=== Instructions for the task ===
From the material below, retype exactly the lines that begin at the line with "Charm bạc tròn" and end after the line with "Thumbnail for Chic"; pictures stay out of the copy.
Input for this task below:
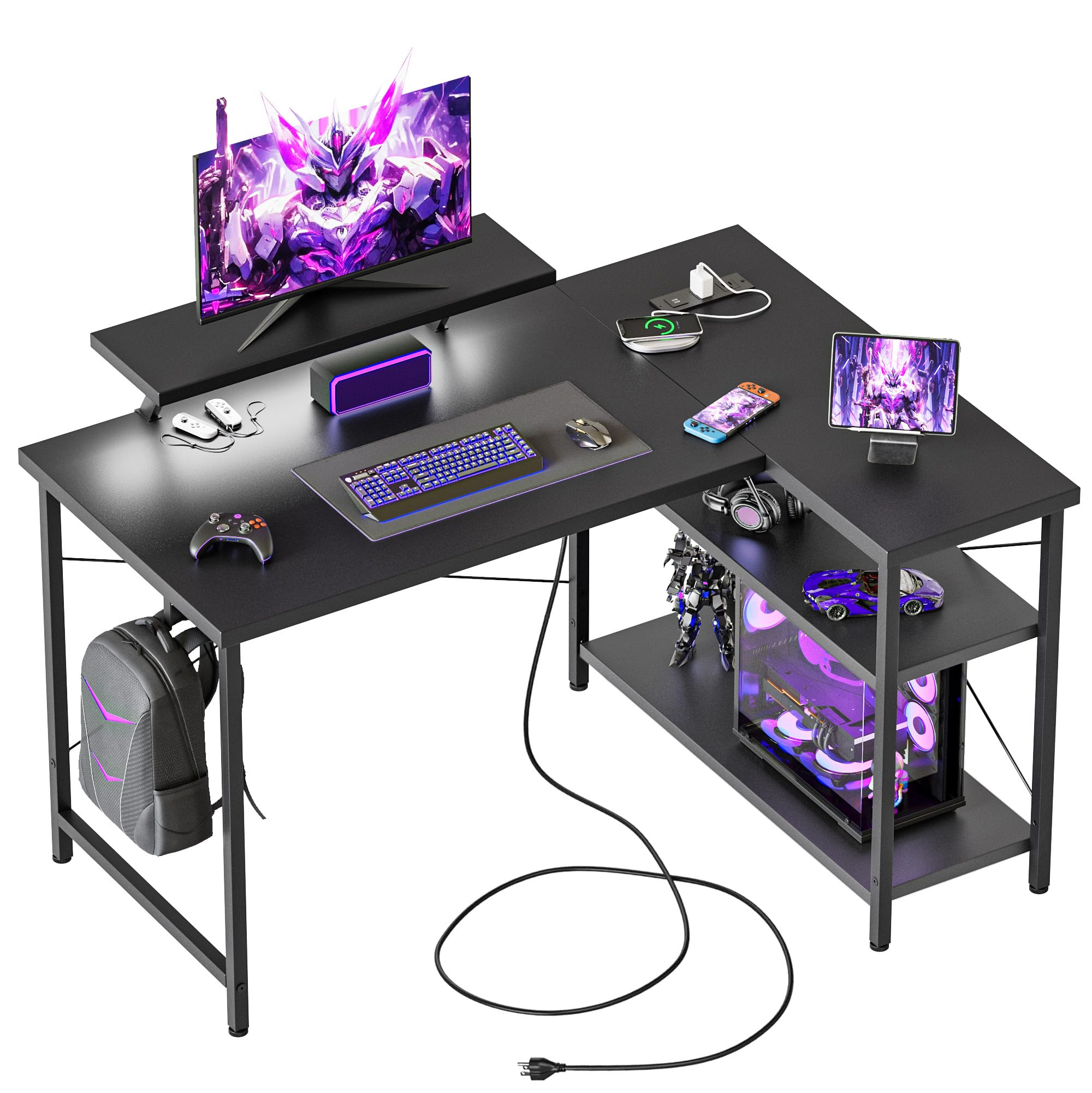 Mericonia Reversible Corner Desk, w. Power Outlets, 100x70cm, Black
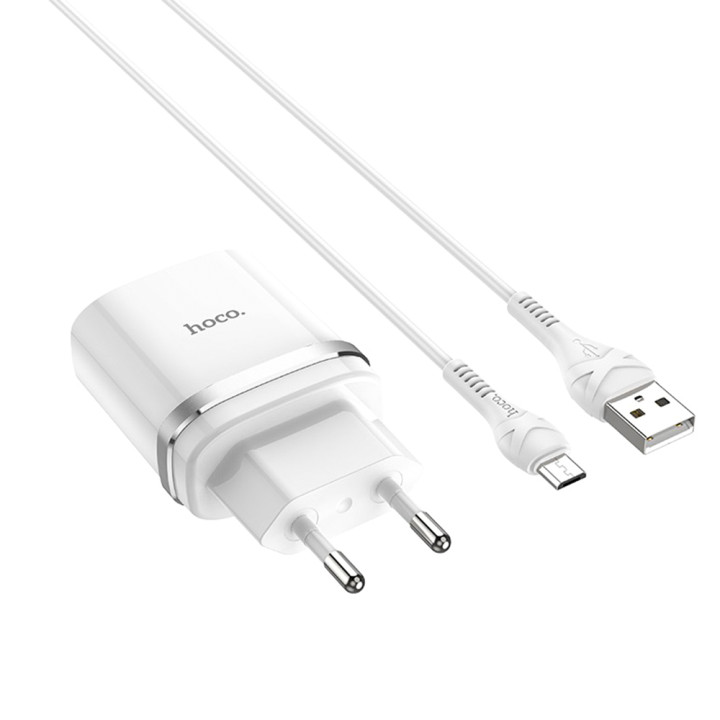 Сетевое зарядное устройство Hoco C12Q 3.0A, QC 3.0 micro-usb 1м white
End of Input for this task.
Input for this task below:
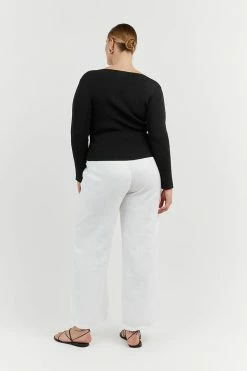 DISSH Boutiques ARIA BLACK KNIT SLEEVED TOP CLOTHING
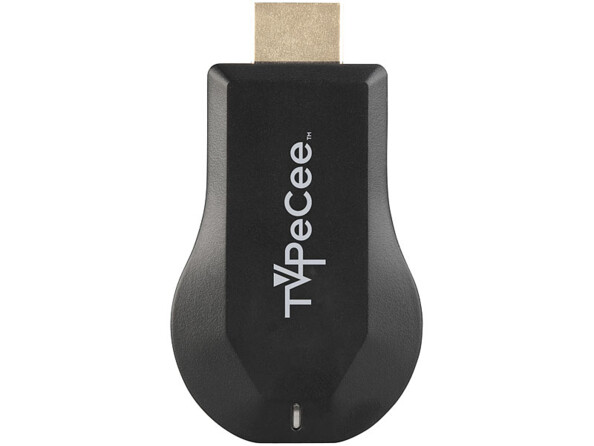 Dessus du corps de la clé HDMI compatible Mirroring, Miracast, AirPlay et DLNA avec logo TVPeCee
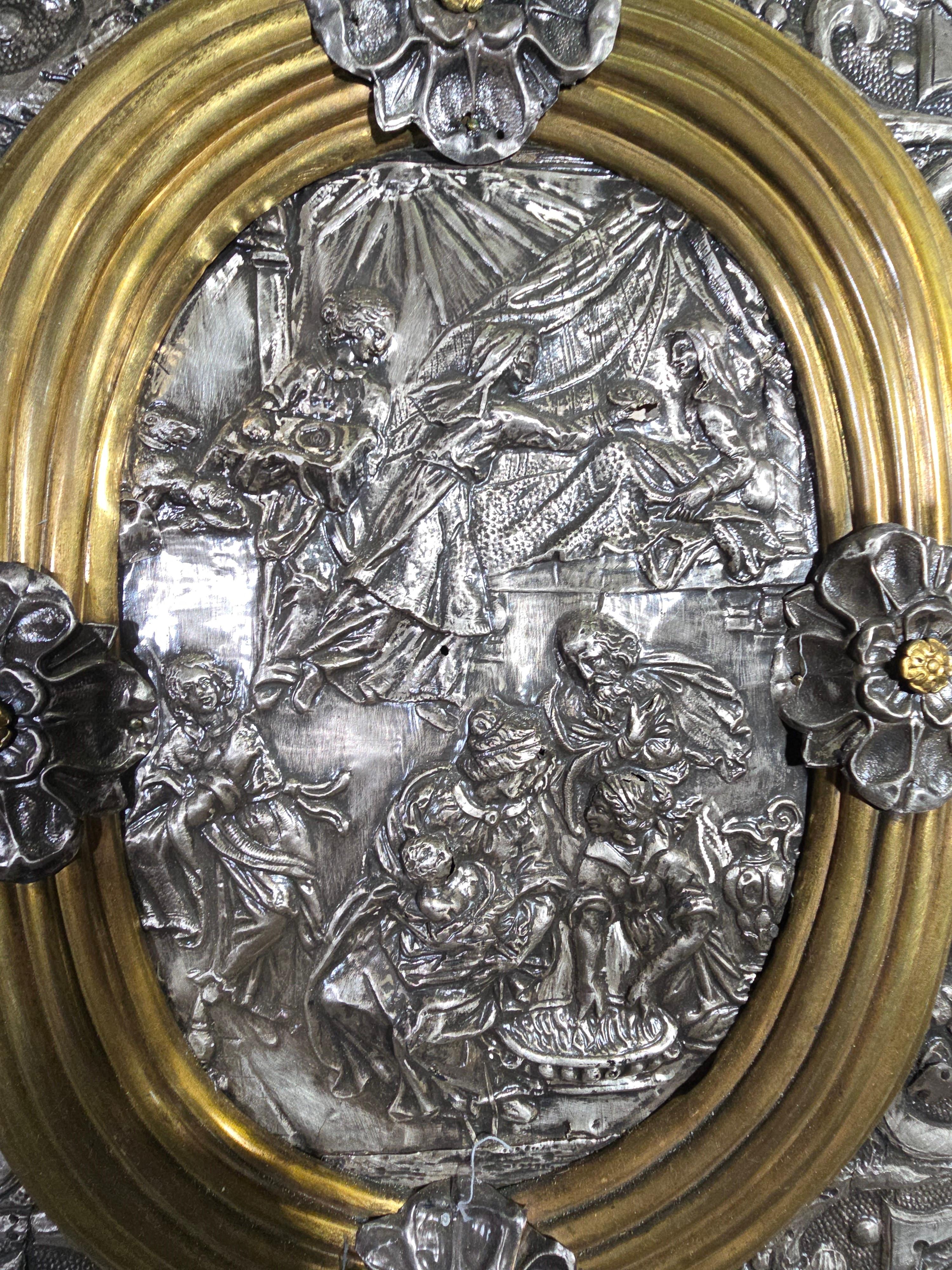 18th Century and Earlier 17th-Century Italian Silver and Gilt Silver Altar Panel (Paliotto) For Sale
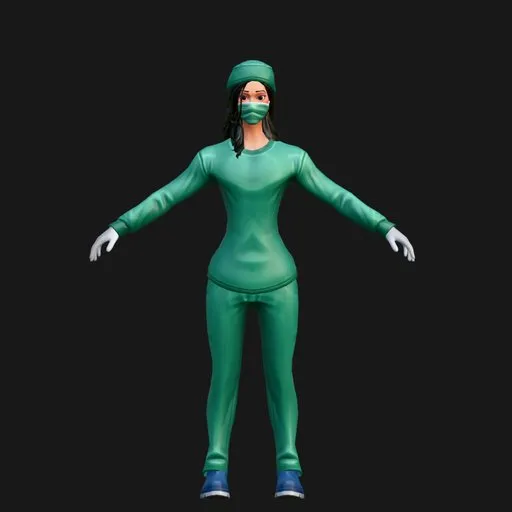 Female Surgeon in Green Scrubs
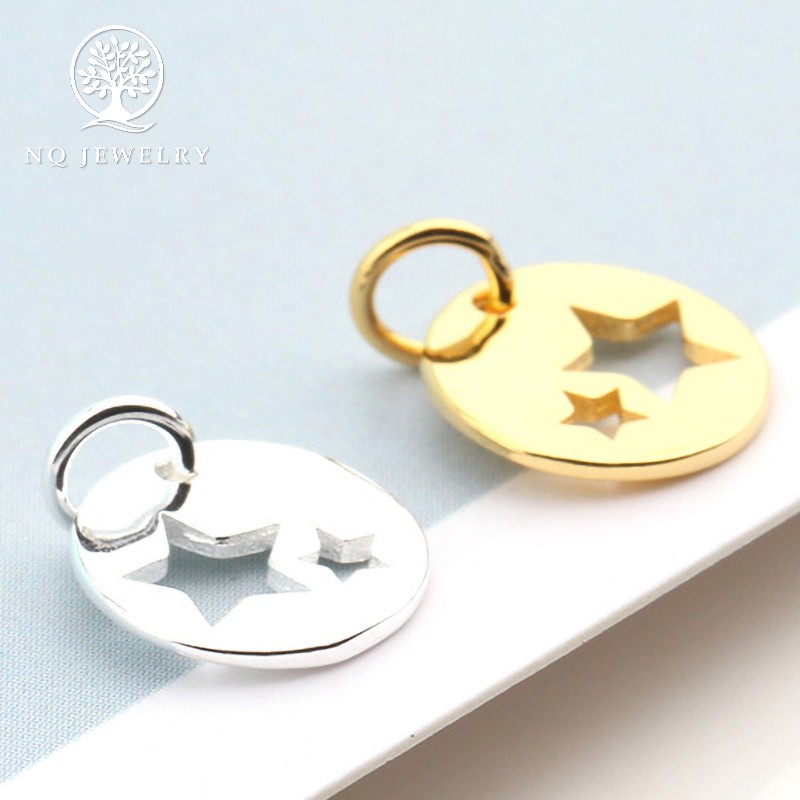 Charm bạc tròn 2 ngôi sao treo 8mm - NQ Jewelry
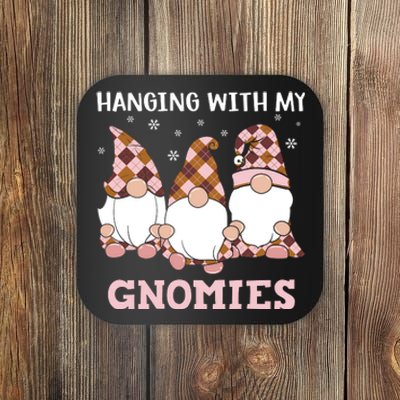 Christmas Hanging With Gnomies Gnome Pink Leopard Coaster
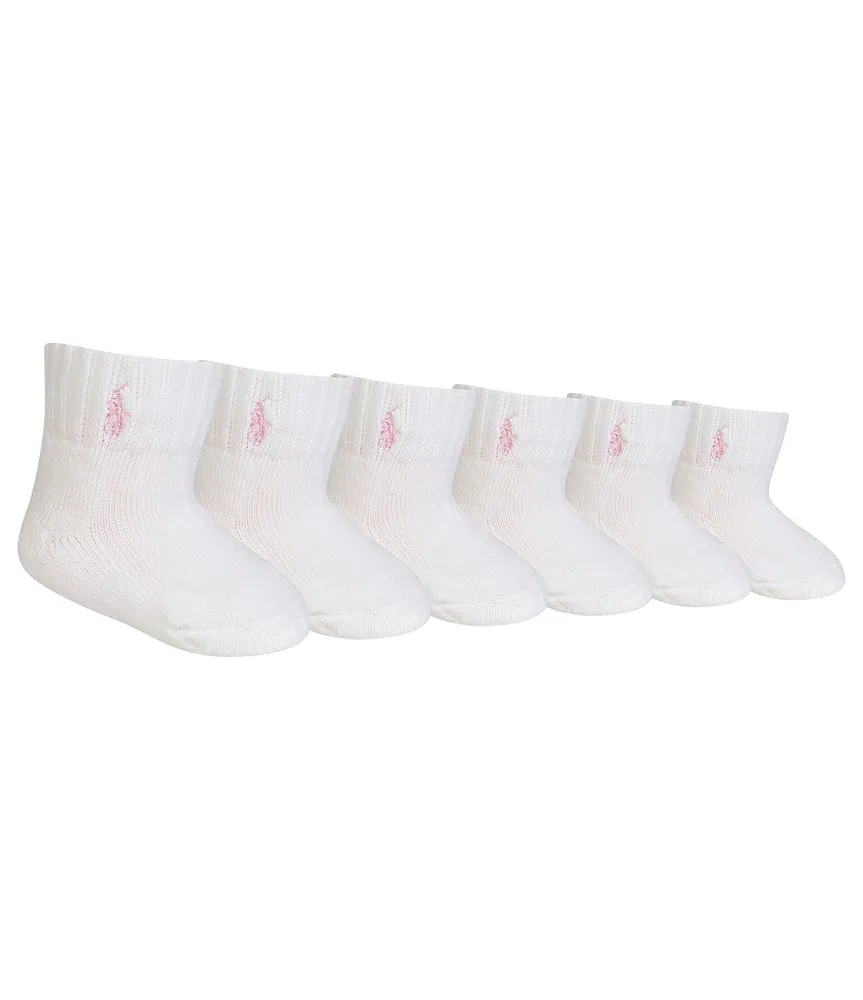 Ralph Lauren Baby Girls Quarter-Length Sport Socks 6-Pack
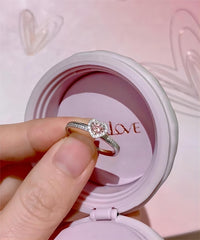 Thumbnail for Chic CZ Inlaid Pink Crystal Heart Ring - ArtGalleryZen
End of Input for this task.
=== Answer ===
 Charm bạc tròn 2 ngôi sao treo 8mm - NQ Jewelry
 Christmas Hanging With Gnomies Gnome Pink Leopard Coaster
 Ralph Lauren Baby Girls Quarter-Length Sport Socks 6-Pack
 Thumbnail for Chic CZ Inlaid Pink Crystal Heart Ring - ArtGalleryZen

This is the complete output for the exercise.